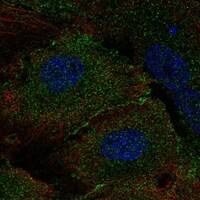 Immunocytochemistry/Immunofluorescence: MLKL Antibody [NBP3-21417] -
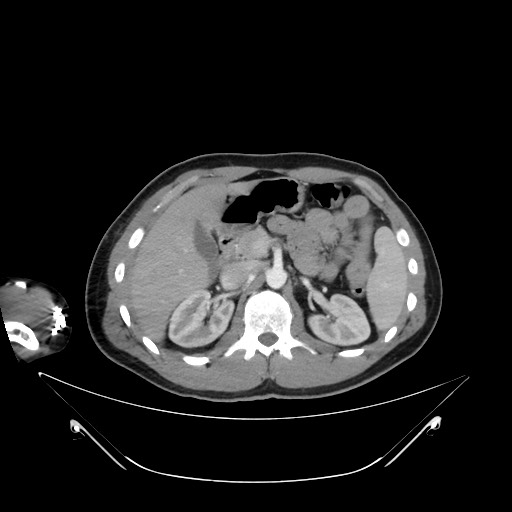 Bile leak from liver traumatic laceration (Radiopaedia 63463-72078 A 24).jpg
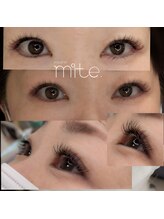 ミテ(mite.)/150本イメージ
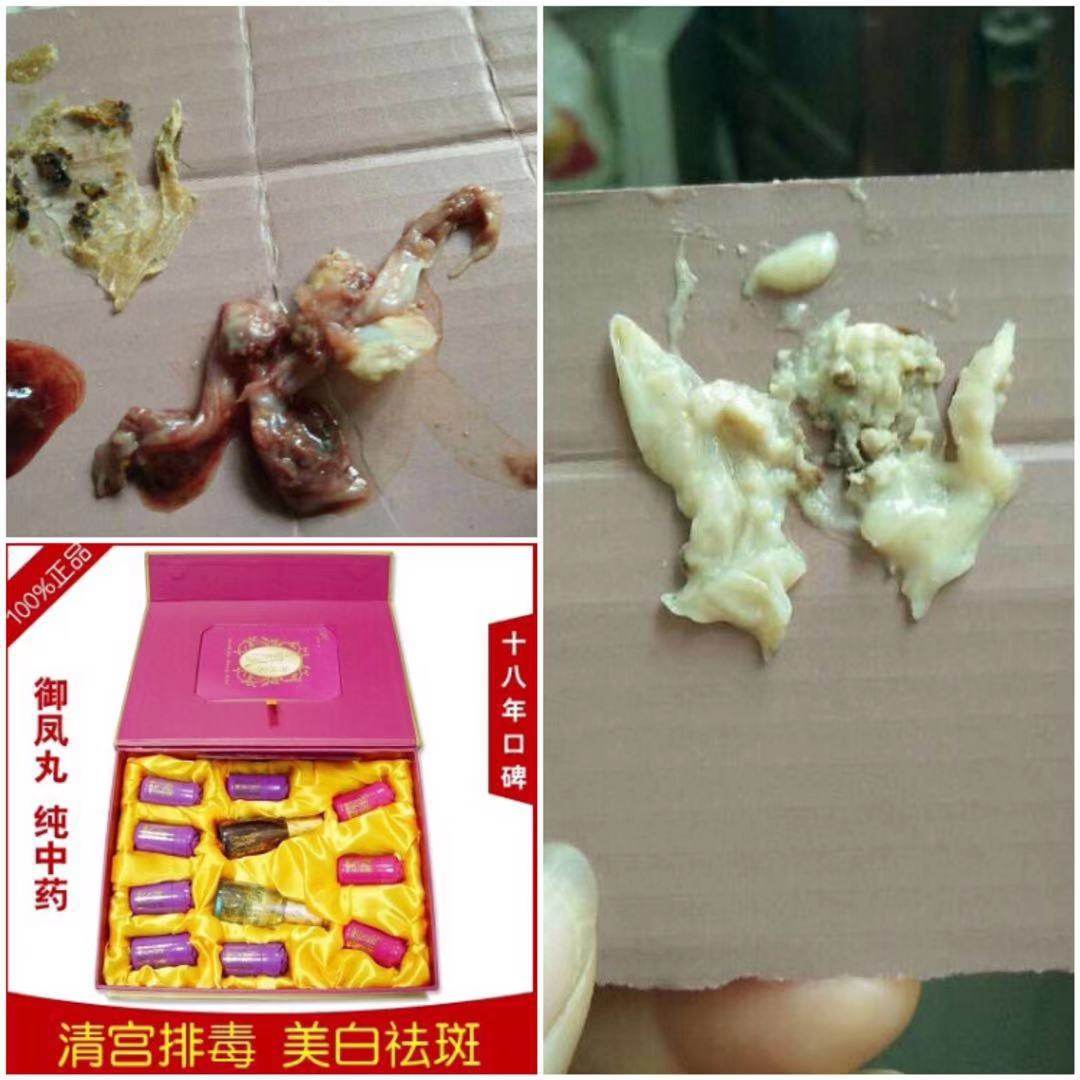正品康丽人生御贵人御凤丸清宫排毒530包邮买一盒9颗装送3颗装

☆ ☆ ☆

:: Required action ::
All of the material above should be set down again exactly, though not its pictures.

:: Output of the task ::
 Immunocytochemistry/Immunofluorescence: MLKL Antibody [NBP3-21417] -
 Bile leak from liver traumatic laceration (Radiopaedia 63463-72078 A 24).jpg
 ミテ(mite.)/150本イメージ
正品康丽人生御贵人御凤丸清宫排毒530包邮买一盒9颗装送3颗装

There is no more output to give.